If you guys want I can actually show graphs of dB readings across our range of hearing to see where the highest dB readings happen. 



Anyway, if you have a Harbor Freight in your area you could go with their 2 HP dust collector and later get a Wynn 35A filter for it. Would still end up cheaper than the Jet unit I bought (even with the 15% discount) but it seems to have a single 4" inlet with a dual 4" inlet adapter. I'd rather have the Jet's single 6" with dual 4" adapter.

Basically, if you want to eliminate dust, the first step get a big CFM dust collector and a good filter. The next step after that get an air handler to filter anything that's floating. 

That Rikon's 106 CFM though a 4" flex hose isn't going to satisfy you (the CFM will drop the longer your hose run is) and, if it does, you'll likely end up wanting something that will do more (evacuate more air) in the (near) future.

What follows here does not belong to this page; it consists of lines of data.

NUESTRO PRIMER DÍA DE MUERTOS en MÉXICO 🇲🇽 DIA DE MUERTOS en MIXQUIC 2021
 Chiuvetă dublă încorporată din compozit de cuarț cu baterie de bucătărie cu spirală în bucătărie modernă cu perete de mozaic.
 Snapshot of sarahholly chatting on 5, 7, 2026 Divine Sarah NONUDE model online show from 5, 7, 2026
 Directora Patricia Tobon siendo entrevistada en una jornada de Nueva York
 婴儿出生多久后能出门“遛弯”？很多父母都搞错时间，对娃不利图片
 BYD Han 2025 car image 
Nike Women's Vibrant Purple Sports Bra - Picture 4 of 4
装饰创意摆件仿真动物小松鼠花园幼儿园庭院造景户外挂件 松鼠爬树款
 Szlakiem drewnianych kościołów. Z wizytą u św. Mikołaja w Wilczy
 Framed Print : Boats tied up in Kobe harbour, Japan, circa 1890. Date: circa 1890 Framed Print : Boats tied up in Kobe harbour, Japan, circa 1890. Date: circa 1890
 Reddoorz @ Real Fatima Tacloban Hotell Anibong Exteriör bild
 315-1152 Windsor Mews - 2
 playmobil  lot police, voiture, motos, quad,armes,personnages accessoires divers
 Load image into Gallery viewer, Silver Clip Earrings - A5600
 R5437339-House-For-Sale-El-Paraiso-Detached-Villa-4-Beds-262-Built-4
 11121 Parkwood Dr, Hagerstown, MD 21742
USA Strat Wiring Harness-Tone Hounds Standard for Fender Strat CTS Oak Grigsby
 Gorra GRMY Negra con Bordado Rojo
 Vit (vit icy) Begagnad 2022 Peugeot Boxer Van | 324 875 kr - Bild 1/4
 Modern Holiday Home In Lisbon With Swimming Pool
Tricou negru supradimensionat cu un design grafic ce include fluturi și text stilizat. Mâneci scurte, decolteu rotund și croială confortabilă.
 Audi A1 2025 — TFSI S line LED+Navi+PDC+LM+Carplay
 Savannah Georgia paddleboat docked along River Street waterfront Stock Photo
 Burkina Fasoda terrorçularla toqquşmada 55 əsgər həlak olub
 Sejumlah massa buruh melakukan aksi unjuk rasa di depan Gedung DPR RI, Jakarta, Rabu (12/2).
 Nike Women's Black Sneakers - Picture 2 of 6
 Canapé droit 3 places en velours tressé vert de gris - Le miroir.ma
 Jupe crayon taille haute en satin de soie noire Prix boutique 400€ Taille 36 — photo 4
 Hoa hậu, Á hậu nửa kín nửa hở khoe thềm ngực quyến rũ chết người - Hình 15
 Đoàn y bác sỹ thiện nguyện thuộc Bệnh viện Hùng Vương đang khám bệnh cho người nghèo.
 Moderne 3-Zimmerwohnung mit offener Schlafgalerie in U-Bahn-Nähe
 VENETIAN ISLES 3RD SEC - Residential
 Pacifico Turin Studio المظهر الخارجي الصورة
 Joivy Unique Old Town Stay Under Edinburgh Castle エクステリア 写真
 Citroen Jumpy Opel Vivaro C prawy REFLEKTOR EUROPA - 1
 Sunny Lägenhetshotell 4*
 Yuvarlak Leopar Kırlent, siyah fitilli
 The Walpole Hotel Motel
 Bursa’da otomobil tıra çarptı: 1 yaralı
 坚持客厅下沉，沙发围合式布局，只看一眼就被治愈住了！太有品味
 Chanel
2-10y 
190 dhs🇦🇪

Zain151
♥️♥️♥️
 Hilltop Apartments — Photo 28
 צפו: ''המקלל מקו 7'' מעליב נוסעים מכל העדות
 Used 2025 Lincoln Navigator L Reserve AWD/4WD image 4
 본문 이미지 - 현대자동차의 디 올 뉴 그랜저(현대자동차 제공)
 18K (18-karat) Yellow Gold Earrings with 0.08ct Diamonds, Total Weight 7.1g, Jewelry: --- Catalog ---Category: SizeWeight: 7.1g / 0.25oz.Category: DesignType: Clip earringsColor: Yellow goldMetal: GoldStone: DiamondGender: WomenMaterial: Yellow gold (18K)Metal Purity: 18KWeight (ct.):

I'm of the opinion that if you're going to spend the money it's best to do it once and be done with it. Otherwise you end up regretting spending money multiple times to come to the same end result. I thought I'd be good with the Shop-Vac/Dust Deputy combo but it's just too weak for the table saw (doesn't pull enough CFM). It'll cost more initially but be cheaper in the long run - healthier too.

Check out the following link. It gives basic CFM requirements for various woodworking machines and has a guide for calculating a good size collector. You'll notice the Rikon's 106 CFM is well below even the lowest rated CFM for any machine on the list.

Figure Dust-Collection Needs

My next step is an air filter like the Jet AFS-1000B which has a max flow of 1,044 CFM. 

Here's an interesting link on Rockler about dust and filtration. 



> Dust particles are measured in microns, or thousandths of a millimeter. Larger dust particles – greater than 100 microns or so – are heavy enough to fall to the floor quickly. This is the debris that dust collectors are so effective at removing. Fine dust particles, on the other hand, don't have enough mass to fall quickly to the floor and can float through the air in your shop for a surprisingly long time. Once a 5-micron wood dust particle is stirred up, it will stay aloft for 30 minutes or longer, depending on air movement.
> Dust particles of less than 10 microns constitute the primary respiratory health risk to woodworkers. They're easily stirred up, stay aloft for a long time and – worse – travel easily into the deepest reaches of the lungs, where they are reported to cause problems ranging from mild allergic reactions to severe and chronic respiratory ailments.





> The Jet AFS-1100B Air Filtration System, for example, has a maximum setting of 1044 cfm, which means that it will filter the entire volume of air in a 20' X 20' shop more than 12 times per hour.


----------



## southernclay (May 30, 2014)

Clark great catch on that!...95 db is not quiet as a whisper as advertised :biggrin:

Jason, great info and good shop layout! I would prefer to go ahead and get it all set up the way you have but... We're looking to move this year so my major want is a shop and if that works out will get a multi machine DC at that time and set it up similar to what you have. 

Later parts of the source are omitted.